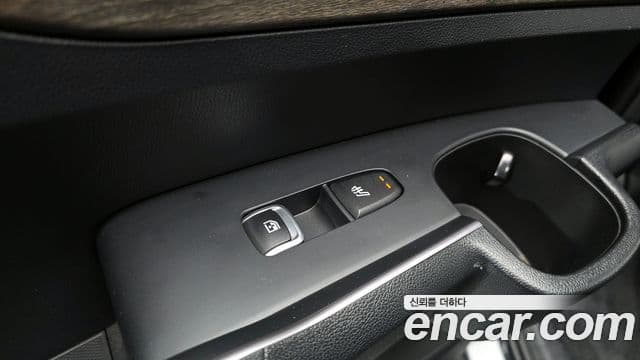 Kia Sorento 2023 — ფოტო 18/20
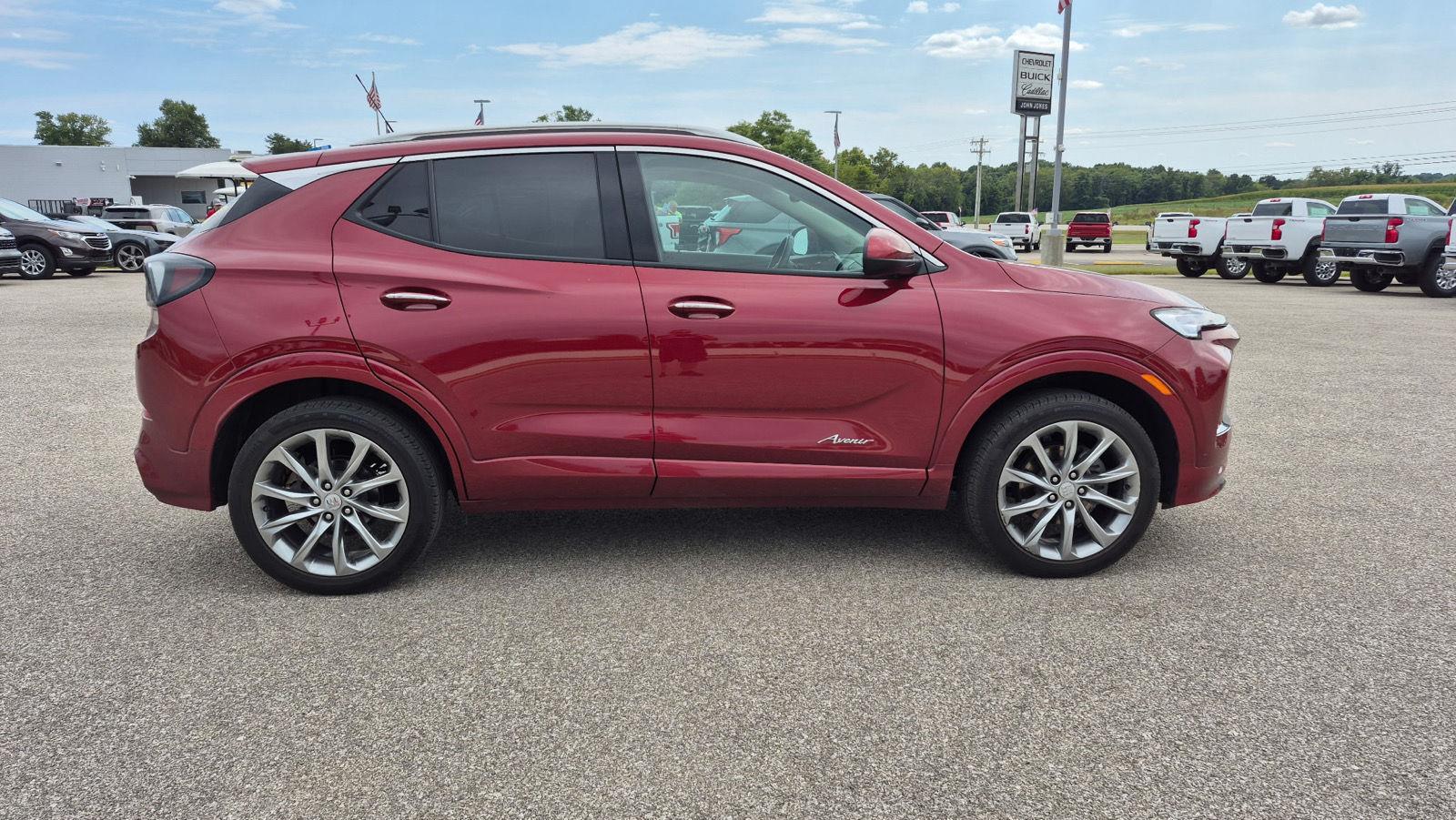 2024 Buick Encore GX Avenir photo 4
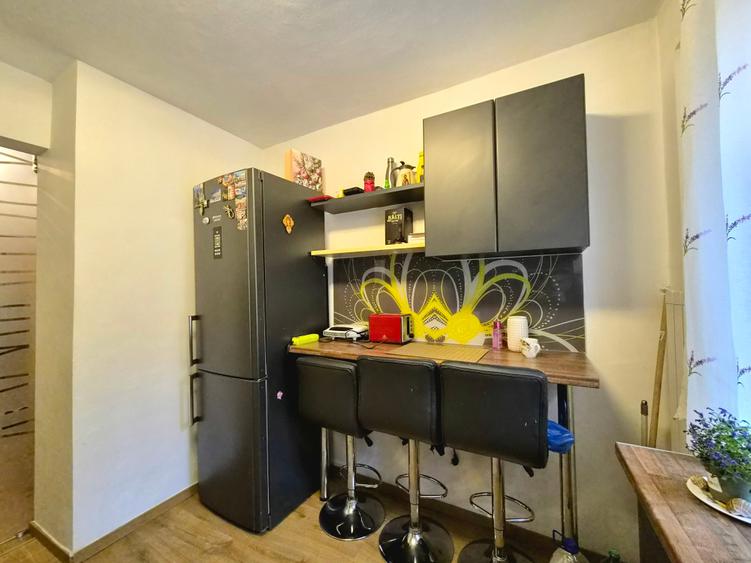 Apartament cu 3 camere decomandat în Titan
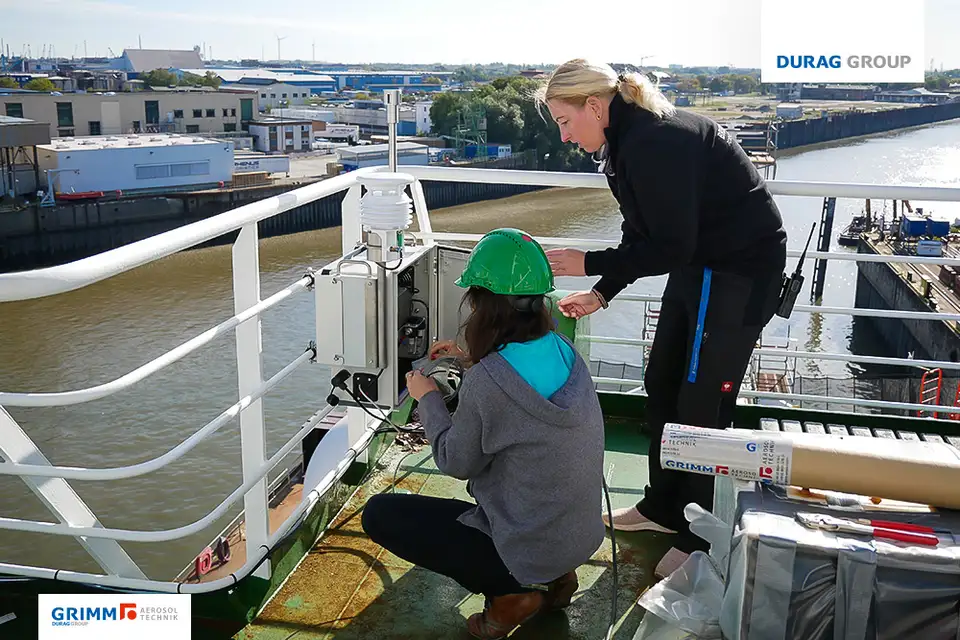 Zwei Technikerinnen installieren ein Feinstaubmessgerät auf dem Forschungsschiff METEOR
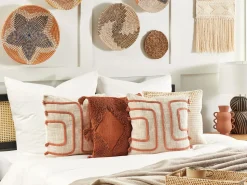Conjunto De 2 Almofadas Decorativas Em Algodao Creme E Laranja Com Padrao Abstrato 45 X 45 Cm Pleione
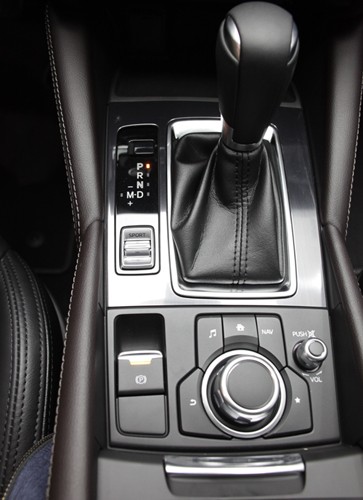 Mazda6 2017 giá từ 975 triệu - thêm khó khăn với Camry và Accord ảnh 10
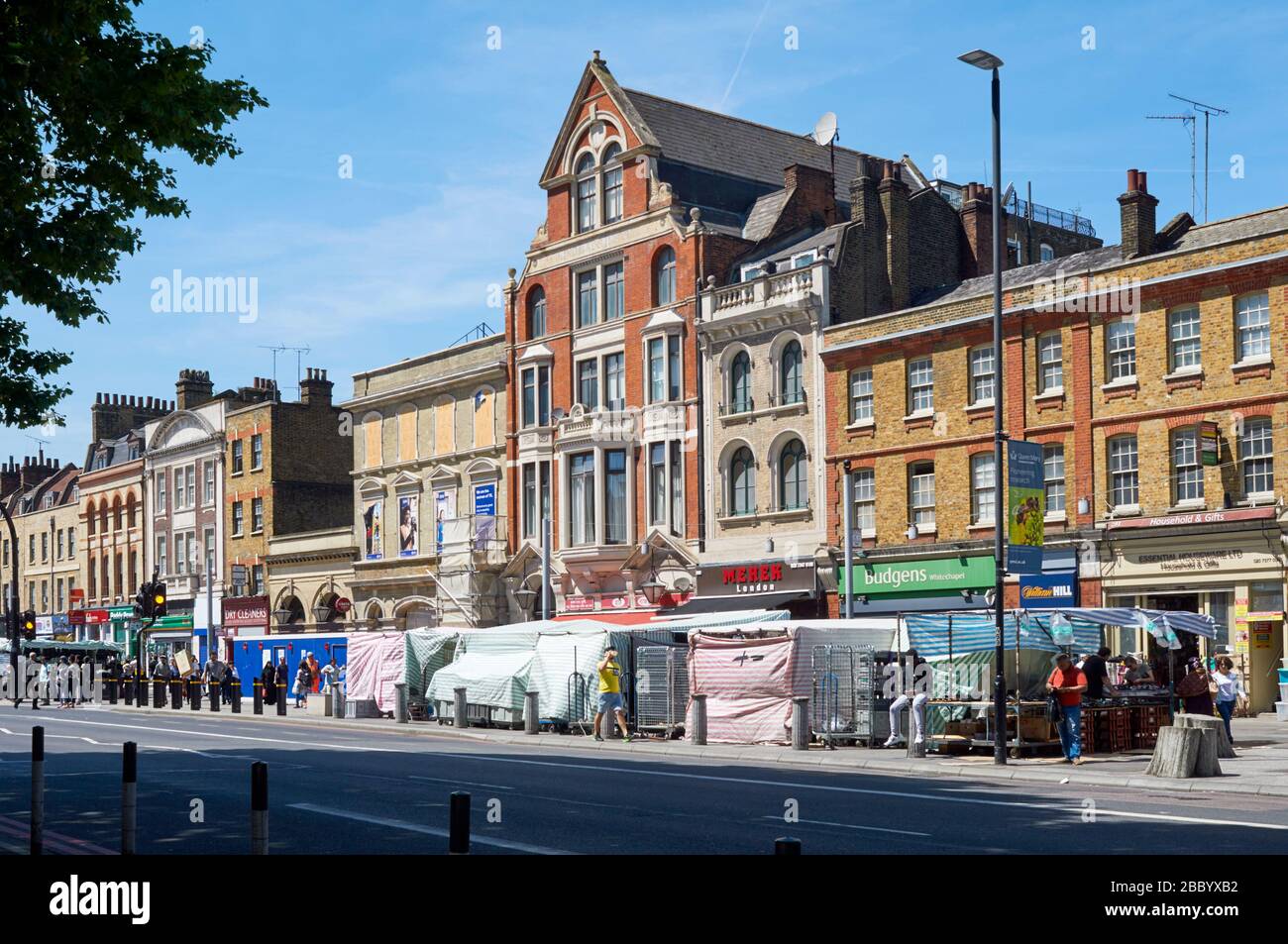 Whitechapel Road and Market, East London UK, mit Blick auf den Eingang des Bahnhofs Stockfoto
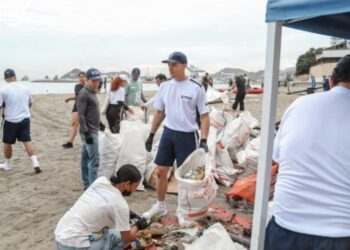 Retiran más de dos toneladas de residuos de playa Los Cocos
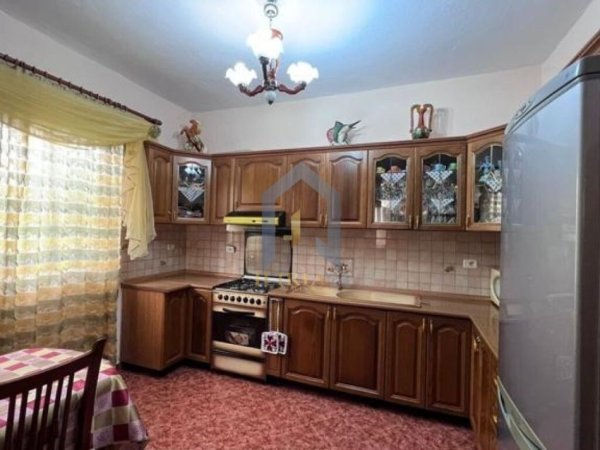 Tirane, jap me qera apartament 2+1+Ballkon Kati 1, 120 m² 450 € (Laprake)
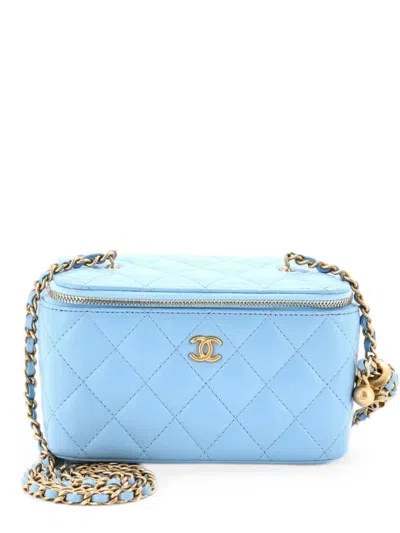 Pre-owned Chanel Pearl Crush Vanity Case With Chain Quilted Lambskin Small Clutch Bag In Blue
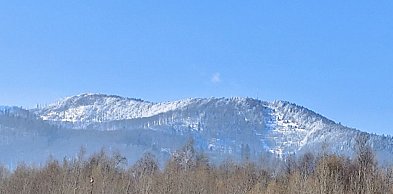 Warunki w Beskidach: powyżej 900 m nawet 50 cm śniegu. GOPR ostrzega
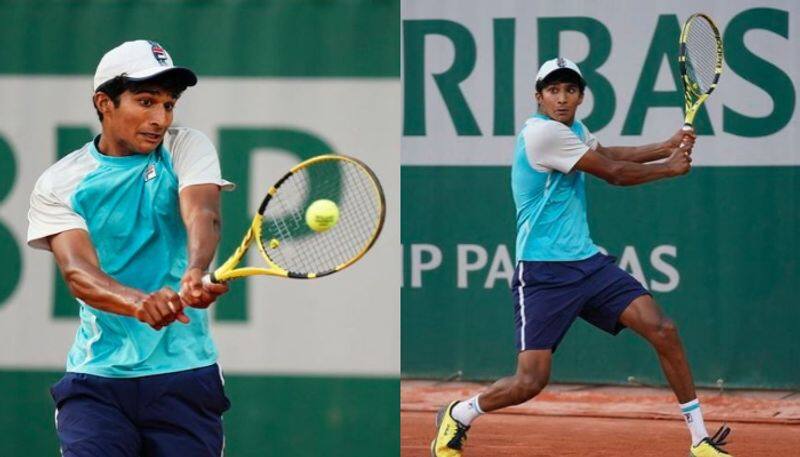 Wimbledon 2021: Indian-origin Samir Banerjee wins junior singles crown-ayh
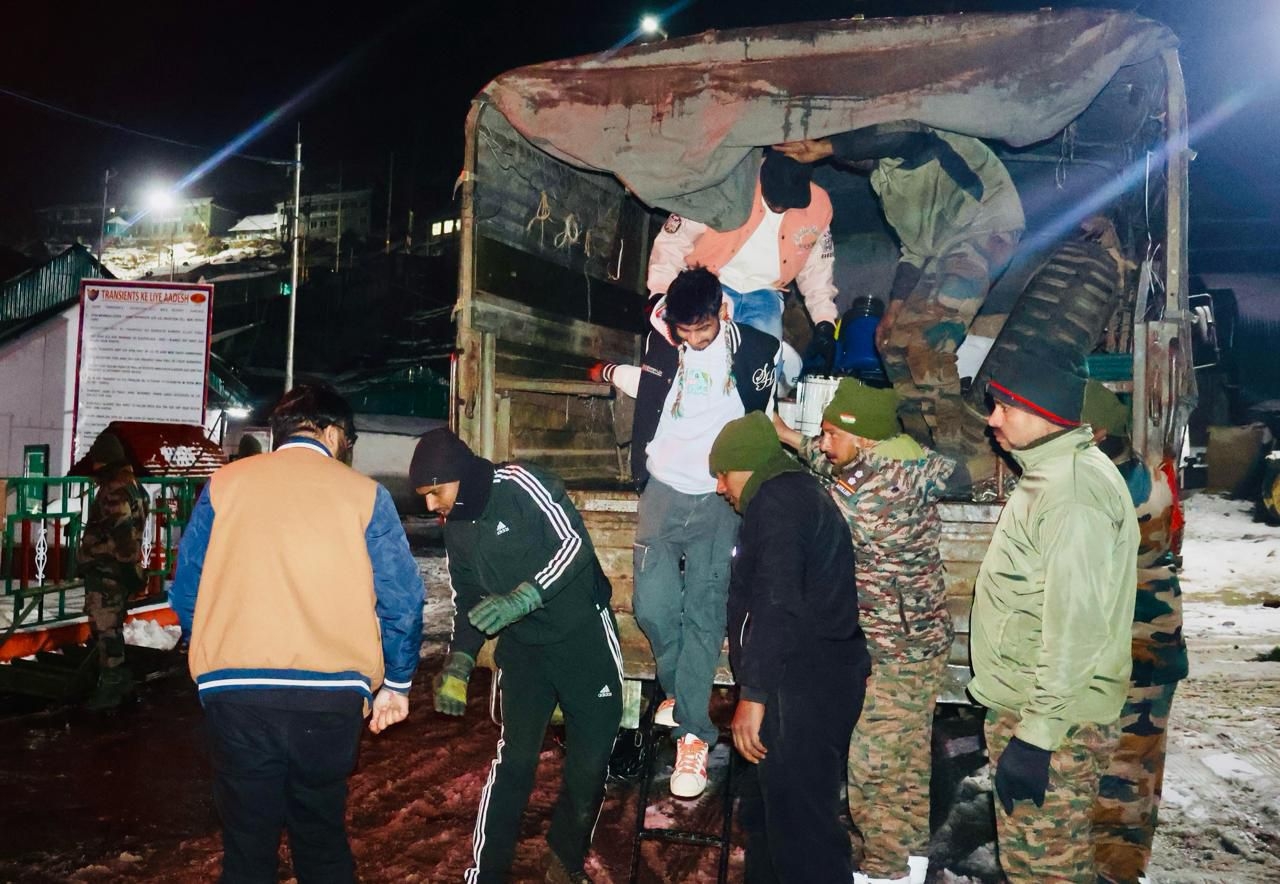 फसेका पर्यटकहरूको उद्दार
__________
Copy everything above from the line holding "Apartament cu 3 camere decomandat în Titan" down to the line holding "Conjunto De 2", both ends included, exactly as it stands and without the pictures.

ANSWER SECTION:
 Apartament cu 3 camere decomandat în Titan
 Zwei Technikerinnen installieren ein Feinstaubmessgerät auf dem Forschungsschiff METEOR
Conjunto De 2 Almofadas Decorativas Em Algodao Creme E Laranja Com Padrao Abstrato 45 X 45 Cm Pleione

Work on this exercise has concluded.